The idea of using gas to kill, disable or harass, the enemy was first proposed during the Crimean War.
At the siege of Sebastopol, in 1855, a young naval officer, devised a plan to burn five hundred tons of sulphur in order to produce a gas that would suffocate the Russians.
The British government rejected his idea, both on grounds of its inhumanity and because they believed it contravened the laws of civilised warfare. This opinion was later formally endorsed by The Hague Convention of 1907.
Germany Takes the Lead
Germany’s lead in gas warfare was the result of their superior manufacturing capacity of the industrial dyes on which gas-warfare is based.
Great German chemical works such as the Badische Anilin und Sodafabrik at Ludwigshafen, the Bayer Company at Leverkusen and the Griesheim-Elektron Chemische Fabrik possessed matchless research and development facilities which could quickly and easily be adapted to satisfy military demands.
The Role of Fritz Haber
Research into the military use of gas was conducted by Fritz Haber, a Jewish chemist, employed by Berlin’s Kaiser Wilhelm Institute. Haber was awarded the Nobel Prize for chemistry in 1918.

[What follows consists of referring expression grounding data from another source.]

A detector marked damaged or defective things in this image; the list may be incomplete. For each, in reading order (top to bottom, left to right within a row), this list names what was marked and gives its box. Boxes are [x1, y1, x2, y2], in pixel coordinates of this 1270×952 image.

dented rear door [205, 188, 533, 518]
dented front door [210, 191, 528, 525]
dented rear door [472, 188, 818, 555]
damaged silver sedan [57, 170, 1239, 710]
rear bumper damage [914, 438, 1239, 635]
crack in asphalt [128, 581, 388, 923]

Fritz Haber ‘father of Gas Warfare’
Despite an explosion in mid-December 1914, which killed his assistant Dr Otto Sackur, Haber continued his increasingly successful work.
The First Gas Attacks
This enabled the German’s to launch their first chlorine gas attack, against the Russians on the Eastern Front, in early 1915. The attack failed due to adverse weather conditions which neutralised the gas’s effects.

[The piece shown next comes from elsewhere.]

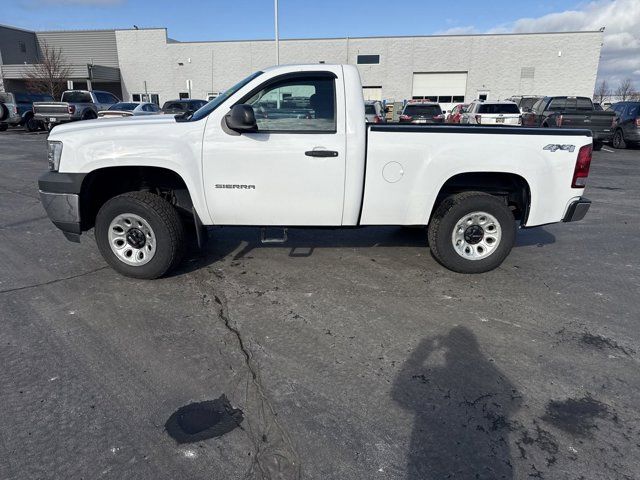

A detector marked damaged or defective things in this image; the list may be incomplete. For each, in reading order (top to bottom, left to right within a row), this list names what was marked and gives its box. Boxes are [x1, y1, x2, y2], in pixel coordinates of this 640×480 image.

cracked asphalt [0, 129, 636, 478]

Undeterred, they tried again in the spring of the same year, using chlorine gas against French troops at Ypres.
Troops advance towards clouds of poison gas
At 5.30 pm on April 22nd, 1915, soldiers to the north of Ypres noticed two curious greenish yellow clouds on the ground on either side of the German line.

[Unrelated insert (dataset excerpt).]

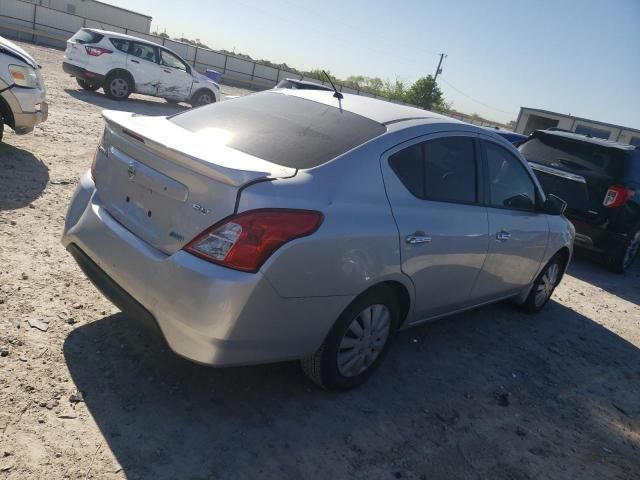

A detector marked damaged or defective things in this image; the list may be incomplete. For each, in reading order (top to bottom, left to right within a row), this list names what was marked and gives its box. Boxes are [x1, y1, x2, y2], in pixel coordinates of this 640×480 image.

The clouds spread laterally, joined up, and, moving before a light wind, became a bluish white mist, such as is seen over water meadows on a frosty night.
Wafted by the breeze, the cloud drifted lazily along the ground and, moments later, flooded over and into the enemy trenches with horrific consequences. One observer noted how: ‘Choking, coughing, retching, gasping for breath, and half blinded…the troops were seized with terror at the enemy’s expedient and gave ground, stumbling back through heavy shell fire in their efforts to find some escape from the deadly fumes.’
This attack claimed more than 65,000 casualties.
Victims of Torture and Death
Gas attacks tended to be made at night or in the early hours of the morning when atmospheric conditions were most suitable and the darkness and confusion made it far harder for troops to know when the assault had started.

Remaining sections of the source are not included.